In Gair v. Peck (6 N Y 2d 97, cert. den. 361 U. S. 374, supra), which this court considers a beacon light of direction for counsel and the court to determine fair conduct between an attorney and client, the court in its review and synthesis of past holdings, particularly as is relevant to the issues herein, observed that:

“ Section 474 [Judiciary Law] confers upon the lawyer no inalienable right to impose on his client, and a retainer agreement becomes unenforcible in some situations where a contract would be enforeible if the parties to it were not attorney *444and client * * * Sometimes these charges are unconscionable as matter of fact and in other instances as matter of law.” (pp. 106-107), and then selected the following quotations, which the court sets forth as determinative of plaintiff’s retainer:
“ ‘ The word unconscionable ” has frequently been applied to contracts made by lawyers for what are deemed exorbitant contingent fees. But by that nothing more has been meant than that the amount of the fee, standing alone and unexplained, may be sufficient to show that an unfair advantage was taken of the client or, in other words, that a legal fraud was perpetrated upon him.’ ” (p. 106).
‘ ‘ ‘ But the recovery may be such that what was in the first instance a fair contract becomes unfair in its enforcement. ’ ” (p. 107).
“ ‘ An agreement to pay an attorney one-half of the recovery of * * * fifty dollars would not by any person be considered to be improper, but if it was for fifty thousand dollars it might be considered quite improper.’ ” (p. 107).
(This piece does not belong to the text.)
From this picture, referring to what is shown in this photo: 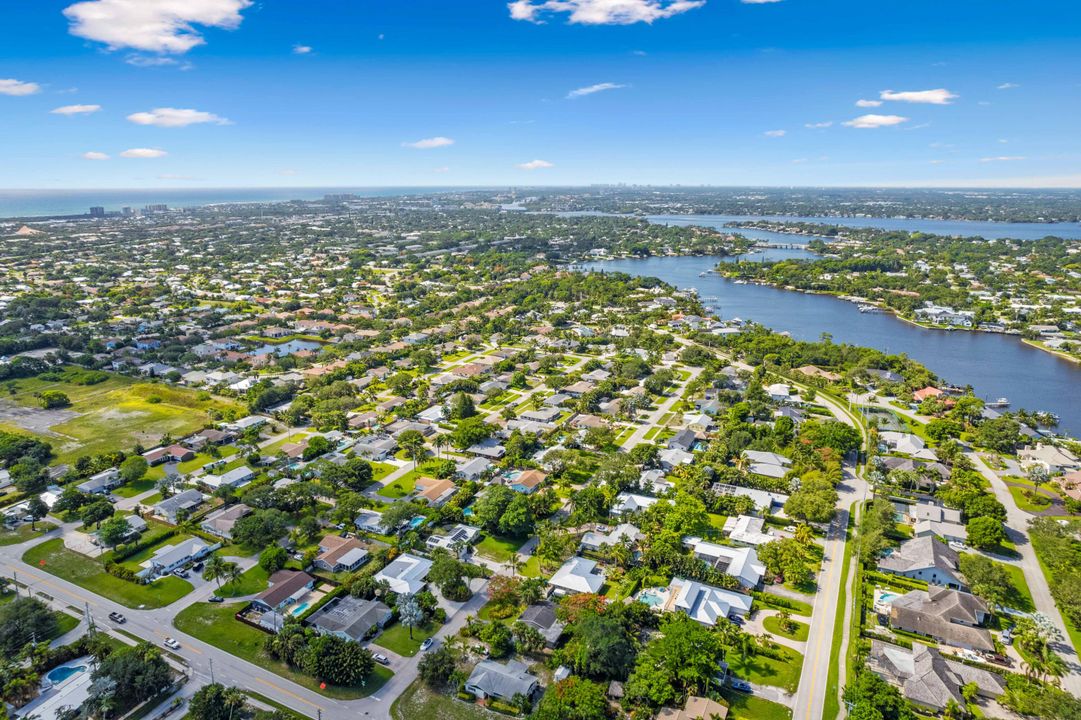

A fee of $25,000 payable on a discontinuance of an action without the attorney’s consent as the attorney’s ‘‘ liquidated damages ” is as a matter of law unconscionable and violative of public policy in that it deprives a client of his untrammeled right to terminate a lawsuit without fear of payment of a substantial penalty. The fact that services were rendered prior to the making of the retainer is counterbalanced by plaintiff’s allegation that the sum of $25,000 was fixed at a time when ‘ ‘ the parties were able to estimate prospective services ” to be rendered by plaintiff. But if defendant determines not to avail himself of those “ prospective services ” he will still suffer the penalty of a substantial payment to plaintiff for services that will not be rendered.

Plaintiff’s citation of California authorities to the effect that where an attorney is discharged without cause, he is not required to prove the reasonable value of his services but may recover the full amount called for by his contract is without merit. A reference to Shephard’s Pacific Reporter Citations (P. 2d) discloses that the entire line of cases cited by plaintiff has been overruled in Fracasse v. Brent (6 Cal. 3d 784).

Accordingly, defendant’s motion to dismiss the second cause of action is granted.

The case has heretofore been set down for trial for the February term when it can proceed on the first cause of action based on quantum meruit, provided no appeal is taken from this decision.